The remark attempts to mock the administration’s aggressive, capital-intensive infrastructure drive by framing it as disconnected from the immediate, everyday needs of the people.
While this rhetoric is politically convenient for the opposition during periods of inflation, it fundamentally misunderstands how economies function. Frankly, anyone who parrots this line or postures that we must tackle “stomach infrastructure” before touching anything else displays a glaring ignorance of nation-building.
And it is a indeed a profound shame that an individual who steered the nation’s legislature for nearly a decade would champion such a backward economic philosophy.
Infrastructure is not a luxury; it is an absolute necessity for life and sustainable economic growth. It is the primary conveyor belt that brings food to the table, and it is one of the most tangible ways the downtrodden feel the direct impact of governance.
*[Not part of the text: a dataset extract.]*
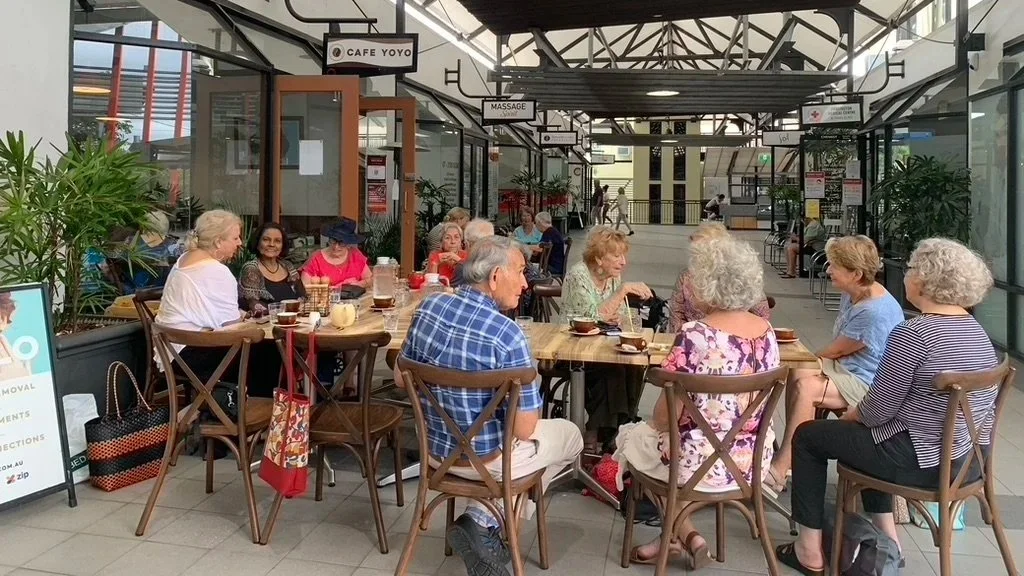 A group of seniors enjoying coffee and conversation at a local cafe.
If you allow yourself to think even a little, you will realise that investing in infrastructure—colloquially dismissed here as “eating roads”—is exactly how a nation feeds its people, creates jobs, and lowers the cost of living over the long term.
To argue that road construction offers no immediate relief to the poor means you have never visited civil engineering sites.
These large-scale projects are massive, localized economic lifelines. They instantly absorb an army of local laborers, site engineers, surveyors, and security personnel.
Hundreds of local youths and fresh graduates gain hands-on technical experience. It allows them to apply classroom theory to heavy machinery and modern concrete technology, permanently elevating their career marketability.
Furthermore, every major construction site births an immediate micro-economy. The local mama put, the akara and kuli-kuli sellers, the cement supplier, the iron rod merchant, and the nearby vulcanizer all experience an instant surge in daily patronage and disposable income.
For our SMEs and industries, bad roads are a punitive, undeclared tax. When an Aba fashion designer or a Lagos tech distributor cannot safely deliver packages nationwide, business suffocates. Manufacturing gridlocks without timely raw materials, forcing companies to bleed capital on mechanics and spare parts instead of funding expansion and salary increments.
No serious investor pours capital into a nation locked in gridlock. Landmark projects like the Lagos-Calabar Coastal Highway and the Sokoto-Badagry Superhighway open entirely new economic corridors, instantly transforming isolated land into industrial hubs.
By leveraging private-sector tax-credit schemes, the Tinubu administration is systematically plugging our decades-long infrastructure deficit and choking the root drivers of inflation—all without draining scarce liquid revenue.
The most direct rebuttal to David Mark’s query lies in the agricultural sector. Nigeria’s primary food crisis is not a failure of production, but a failure of transportation.
Due to deplorable rural roads, a staggering percentage of harvested perishable crops rot before ever reaching urban centers. Smooth, modern roads act as an active preservation mechanism by slashing transit times.
When a truck driver spends days navigating deep craters between Benue and Lagos, the exorbitant costs of diesel, vehicle maintenance, and transit delays are passed directly to the consumer at the market stall. Reliable transport networks break the monopoly of exploitative middlemen. Farmers gain the independence to transport and sell their produce directly to major markets, dramatically increasing their household income.
To dismiss infrastructure because you cannot chew it is standard populist foolishness. You cannot eat the trunk of a fruit tree either, but without it, the branches can never hold the harvest you need to survive.
By the way, it is highly instructional that David Mark spent eight uninterrupted years flying over the shattered Akwanga–Makurdi road in a helicopter because it was too dangerous for the poor people to ply. Yet today, under a Tinubu administration that fixed that exact corridor in under three years, the former Senate President can finally drive home to his village.
President Tinubu’s focus on concrete infrastructure is the long-awaited structural cure for an economy nearly ruined by decades of superficial fixes. The immediate pain of macroeconomic reforms is real, but playing politics with our long-term survival is reckless. If you genuinely want the poor to continue to eat, you must build the roads today.
Something that David would know if, as a Senator, he made his Mark.